講評ではそれぞれの作品の長短両面について3人が述べたあと、最後に短いコメントと共に1作品を推挙するやり方。これでは各選考委員の推挙の思いが十分伝わらず、3人の議論も深まらず、最初から結論ありきのようにも思えた。
僕が推した大畑さんの「ジンク」が受賞を逃したのは残念だったが、聴衆による投票結果は「ジンク」が他の2作品を圧倒してほぼ半数の票を獲得。聴衆に感銘を与えることは音楽にとって大切な要素である。
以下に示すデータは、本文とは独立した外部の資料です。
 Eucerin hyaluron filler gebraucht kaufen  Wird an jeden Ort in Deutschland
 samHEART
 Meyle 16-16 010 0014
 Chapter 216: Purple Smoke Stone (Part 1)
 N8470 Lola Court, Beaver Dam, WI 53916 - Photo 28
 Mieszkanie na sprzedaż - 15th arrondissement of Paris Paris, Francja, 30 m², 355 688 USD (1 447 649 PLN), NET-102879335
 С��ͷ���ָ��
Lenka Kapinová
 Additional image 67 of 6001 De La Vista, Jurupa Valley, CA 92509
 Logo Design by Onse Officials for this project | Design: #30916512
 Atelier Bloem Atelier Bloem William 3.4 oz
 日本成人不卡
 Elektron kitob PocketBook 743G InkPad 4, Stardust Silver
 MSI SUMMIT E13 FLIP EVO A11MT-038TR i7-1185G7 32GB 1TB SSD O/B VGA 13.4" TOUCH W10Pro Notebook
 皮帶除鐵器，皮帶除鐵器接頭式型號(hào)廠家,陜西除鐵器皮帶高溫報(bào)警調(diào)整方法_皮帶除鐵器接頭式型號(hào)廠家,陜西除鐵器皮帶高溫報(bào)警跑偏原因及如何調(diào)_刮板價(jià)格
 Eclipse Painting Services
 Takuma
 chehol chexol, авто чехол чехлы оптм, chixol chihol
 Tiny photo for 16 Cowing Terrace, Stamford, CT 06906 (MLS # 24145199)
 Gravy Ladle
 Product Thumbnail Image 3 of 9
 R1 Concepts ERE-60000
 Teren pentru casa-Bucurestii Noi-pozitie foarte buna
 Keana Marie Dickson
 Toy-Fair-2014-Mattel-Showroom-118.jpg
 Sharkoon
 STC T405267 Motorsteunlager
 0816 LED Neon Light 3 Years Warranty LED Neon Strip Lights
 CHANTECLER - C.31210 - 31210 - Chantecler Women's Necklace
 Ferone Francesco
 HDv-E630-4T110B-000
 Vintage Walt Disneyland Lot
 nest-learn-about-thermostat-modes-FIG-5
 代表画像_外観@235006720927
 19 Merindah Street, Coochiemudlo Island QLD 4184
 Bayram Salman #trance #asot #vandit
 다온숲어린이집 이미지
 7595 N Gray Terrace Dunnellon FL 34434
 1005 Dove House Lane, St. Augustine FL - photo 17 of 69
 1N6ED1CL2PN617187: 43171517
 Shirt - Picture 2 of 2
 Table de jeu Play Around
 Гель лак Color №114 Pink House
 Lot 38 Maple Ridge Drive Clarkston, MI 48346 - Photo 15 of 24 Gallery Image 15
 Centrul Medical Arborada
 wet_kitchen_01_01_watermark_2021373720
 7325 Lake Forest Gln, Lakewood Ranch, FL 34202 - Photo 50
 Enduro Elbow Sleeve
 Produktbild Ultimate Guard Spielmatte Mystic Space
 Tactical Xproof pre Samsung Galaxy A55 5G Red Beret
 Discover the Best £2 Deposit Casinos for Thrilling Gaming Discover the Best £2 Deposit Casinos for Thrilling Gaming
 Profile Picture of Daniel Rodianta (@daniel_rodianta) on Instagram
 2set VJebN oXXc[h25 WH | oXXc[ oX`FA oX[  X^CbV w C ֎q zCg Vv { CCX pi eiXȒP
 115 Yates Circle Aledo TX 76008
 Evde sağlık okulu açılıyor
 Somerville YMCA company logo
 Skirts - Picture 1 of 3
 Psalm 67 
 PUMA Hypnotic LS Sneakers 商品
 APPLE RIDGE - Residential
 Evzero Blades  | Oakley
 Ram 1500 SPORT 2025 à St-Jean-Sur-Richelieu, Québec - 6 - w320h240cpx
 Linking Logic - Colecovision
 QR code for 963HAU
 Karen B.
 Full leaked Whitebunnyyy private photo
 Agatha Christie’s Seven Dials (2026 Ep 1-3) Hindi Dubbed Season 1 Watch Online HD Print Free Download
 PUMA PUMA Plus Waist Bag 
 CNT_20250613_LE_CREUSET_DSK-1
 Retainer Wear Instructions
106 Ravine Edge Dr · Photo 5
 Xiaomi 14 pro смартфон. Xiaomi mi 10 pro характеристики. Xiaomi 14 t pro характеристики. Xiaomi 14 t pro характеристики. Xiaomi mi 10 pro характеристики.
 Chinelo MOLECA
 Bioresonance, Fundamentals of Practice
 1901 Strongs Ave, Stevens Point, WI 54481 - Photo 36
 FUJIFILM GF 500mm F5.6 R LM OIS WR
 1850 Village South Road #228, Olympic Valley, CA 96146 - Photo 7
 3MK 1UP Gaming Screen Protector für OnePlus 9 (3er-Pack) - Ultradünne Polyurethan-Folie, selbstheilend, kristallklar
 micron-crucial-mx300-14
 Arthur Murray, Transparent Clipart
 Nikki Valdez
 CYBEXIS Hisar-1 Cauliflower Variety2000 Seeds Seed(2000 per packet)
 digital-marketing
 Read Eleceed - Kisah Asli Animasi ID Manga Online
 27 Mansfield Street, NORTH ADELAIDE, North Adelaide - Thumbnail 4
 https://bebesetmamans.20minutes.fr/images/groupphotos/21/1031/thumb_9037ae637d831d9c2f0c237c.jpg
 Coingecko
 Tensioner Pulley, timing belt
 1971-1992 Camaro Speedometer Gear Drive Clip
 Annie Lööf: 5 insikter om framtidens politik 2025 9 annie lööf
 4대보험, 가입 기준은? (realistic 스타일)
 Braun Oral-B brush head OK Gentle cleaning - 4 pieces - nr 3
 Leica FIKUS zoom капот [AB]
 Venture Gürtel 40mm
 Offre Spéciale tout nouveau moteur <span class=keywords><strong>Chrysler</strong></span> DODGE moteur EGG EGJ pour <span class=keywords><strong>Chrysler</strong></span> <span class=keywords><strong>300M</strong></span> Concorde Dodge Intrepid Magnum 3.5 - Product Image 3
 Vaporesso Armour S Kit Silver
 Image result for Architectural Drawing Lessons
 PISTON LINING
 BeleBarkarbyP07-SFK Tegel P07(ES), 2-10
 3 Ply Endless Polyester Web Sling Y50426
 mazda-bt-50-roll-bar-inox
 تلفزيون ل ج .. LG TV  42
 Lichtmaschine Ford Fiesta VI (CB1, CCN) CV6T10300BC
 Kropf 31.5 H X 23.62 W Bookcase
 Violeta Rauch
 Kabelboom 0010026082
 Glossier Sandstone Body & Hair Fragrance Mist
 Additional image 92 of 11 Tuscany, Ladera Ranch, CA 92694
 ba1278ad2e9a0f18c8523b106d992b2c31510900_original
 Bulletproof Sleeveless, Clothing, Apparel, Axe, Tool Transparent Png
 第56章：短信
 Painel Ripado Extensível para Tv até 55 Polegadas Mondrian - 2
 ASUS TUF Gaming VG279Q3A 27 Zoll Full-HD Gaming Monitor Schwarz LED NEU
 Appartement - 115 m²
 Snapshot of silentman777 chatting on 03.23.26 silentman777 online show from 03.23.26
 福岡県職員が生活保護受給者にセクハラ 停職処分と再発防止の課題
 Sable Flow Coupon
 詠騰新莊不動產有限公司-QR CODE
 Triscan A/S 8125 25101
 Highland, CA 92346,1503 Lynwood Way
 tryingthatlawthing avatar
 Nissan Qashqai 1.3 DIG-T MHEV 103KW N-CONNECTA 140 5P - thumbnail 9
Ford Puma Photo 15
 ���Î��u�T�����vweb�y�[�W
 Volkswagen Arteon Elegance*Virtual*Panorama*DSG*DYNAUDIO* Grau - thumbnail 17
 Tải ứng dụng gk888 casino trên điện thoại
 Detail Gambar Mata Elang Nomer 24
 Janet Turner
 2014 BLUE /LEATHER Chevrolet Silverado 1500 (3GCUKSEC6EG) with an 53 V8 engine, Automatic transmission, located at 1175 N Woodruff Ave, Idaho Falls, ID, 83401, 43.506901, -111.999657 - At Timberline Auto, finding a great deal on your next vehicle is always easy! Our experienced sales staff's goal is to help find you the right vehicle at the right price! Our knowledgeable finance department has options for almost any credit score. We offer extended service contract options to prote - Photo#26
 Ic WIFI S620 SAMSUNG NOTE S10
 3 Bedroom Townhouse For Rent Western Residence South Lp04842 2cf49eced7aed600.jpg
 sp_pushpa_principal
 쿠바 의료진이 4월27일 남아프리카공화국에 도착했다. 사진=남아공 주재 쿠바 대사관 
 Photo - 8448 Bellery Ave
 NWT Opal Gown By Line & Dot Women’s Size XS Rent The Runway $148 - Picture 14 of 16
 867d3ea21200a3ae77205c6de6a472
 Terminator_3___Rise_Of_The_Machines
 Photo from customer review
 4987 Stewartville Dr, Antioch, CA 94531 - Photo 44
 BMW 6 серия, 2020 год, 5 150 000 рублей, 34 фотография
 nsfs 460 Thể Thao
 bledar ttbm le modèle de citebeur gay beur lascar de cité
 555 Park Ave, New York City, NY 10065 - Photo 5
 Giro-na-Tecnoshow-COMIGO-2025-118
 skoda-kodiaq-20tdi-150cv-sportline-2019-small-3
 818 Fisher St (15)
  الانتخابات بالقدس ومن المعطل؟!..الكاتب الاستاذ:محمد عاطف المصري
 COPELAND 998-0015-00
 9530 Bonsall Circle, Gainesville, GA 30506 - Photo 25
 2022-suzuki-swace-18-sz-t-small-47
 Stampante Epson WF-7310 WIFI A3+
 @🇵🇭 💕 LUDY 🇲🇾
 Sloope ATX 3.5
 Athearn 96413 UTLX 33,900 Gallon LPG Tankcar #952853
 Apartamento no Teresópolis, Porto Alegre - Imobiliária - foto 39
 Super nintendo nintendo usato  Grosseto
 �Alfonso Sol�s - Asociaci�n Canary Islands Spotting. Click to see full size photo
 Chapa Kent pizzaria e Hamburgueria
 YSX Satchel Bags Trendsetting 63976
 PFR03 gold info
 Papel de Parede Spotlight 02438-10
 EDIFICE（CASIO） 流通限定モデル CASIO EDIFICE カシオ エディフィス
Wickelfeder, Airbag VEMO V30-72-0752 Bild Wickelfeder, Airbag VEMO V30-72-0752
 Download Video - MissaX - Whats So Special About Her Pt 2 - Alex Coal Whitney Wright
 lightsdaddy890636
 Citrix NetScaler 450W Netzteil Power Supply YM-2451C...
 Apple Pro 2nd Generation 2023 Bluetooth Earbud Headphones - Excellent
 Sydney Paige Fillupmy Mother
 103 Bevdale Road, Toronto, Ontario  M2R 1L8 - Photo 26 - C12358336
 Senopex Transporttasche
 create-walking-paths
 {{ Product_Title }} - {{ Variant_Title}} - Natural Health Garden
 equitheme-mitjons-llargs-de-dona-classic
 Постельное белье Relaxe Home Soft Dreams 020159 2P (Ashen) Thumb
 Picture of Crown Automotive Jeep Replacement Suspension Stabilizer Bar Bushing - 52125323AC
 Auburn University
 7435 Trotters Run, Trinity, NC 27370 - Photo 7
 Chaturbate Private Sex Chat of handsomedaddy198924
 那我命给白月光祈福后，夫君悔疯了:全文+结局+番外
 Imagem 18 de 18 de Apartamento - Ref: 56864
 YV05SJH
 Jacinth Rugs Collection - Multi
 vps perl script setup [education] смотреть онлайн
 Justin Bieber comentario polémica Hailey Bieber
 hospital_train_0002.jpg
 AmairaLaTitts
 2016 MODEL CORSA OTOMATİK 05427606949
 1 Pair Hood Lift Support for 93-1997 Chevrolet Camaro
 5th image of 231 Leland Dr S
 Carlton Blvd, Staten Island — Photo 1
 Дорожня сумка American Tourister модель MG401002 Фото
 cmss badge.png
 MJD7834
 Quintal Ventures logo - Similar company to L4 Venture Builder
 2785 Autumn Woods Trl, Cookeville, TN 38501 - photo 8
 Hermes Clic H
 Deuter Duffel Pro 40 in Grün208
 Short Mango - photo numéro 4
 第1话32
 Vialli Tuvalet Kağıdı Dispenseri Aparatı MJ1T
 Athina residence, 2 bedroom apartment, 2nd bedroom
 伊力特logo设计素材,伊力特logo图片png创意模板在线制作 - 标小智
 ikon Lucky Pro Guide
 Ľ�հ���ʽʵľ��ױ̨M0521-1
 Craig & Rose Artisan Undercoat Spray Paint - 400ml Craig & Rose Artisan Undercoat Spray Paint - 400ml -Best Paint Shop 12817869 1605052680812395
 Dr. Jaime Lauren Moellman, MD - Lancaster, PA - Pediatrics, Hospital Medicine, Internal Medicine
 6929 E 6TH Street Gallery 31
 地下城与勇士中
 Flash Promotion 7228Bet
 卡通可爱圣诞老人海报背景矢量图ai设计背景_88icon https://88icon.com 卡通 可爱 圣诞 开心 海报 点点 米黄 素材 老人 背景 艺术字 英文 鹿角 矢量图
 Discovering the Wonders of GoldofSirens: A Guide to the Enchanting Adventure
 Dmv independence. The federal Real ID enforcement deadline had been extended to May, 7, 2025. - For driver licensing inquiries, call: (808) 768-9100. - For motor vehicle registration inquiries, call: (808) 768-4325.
聴衆賞のような賞も設けるべきではないだろうか。
サントリーホール サマーフェス2021 ~アンサンブル・アンテルコンタンポラン~(2021.8.24)
サントリーホール サマーフェス2020 ~オーケストラ スペース~ (2020.8.26)
サントリーホール サマーフェス2020 ~室内楽~ (2020.8.23)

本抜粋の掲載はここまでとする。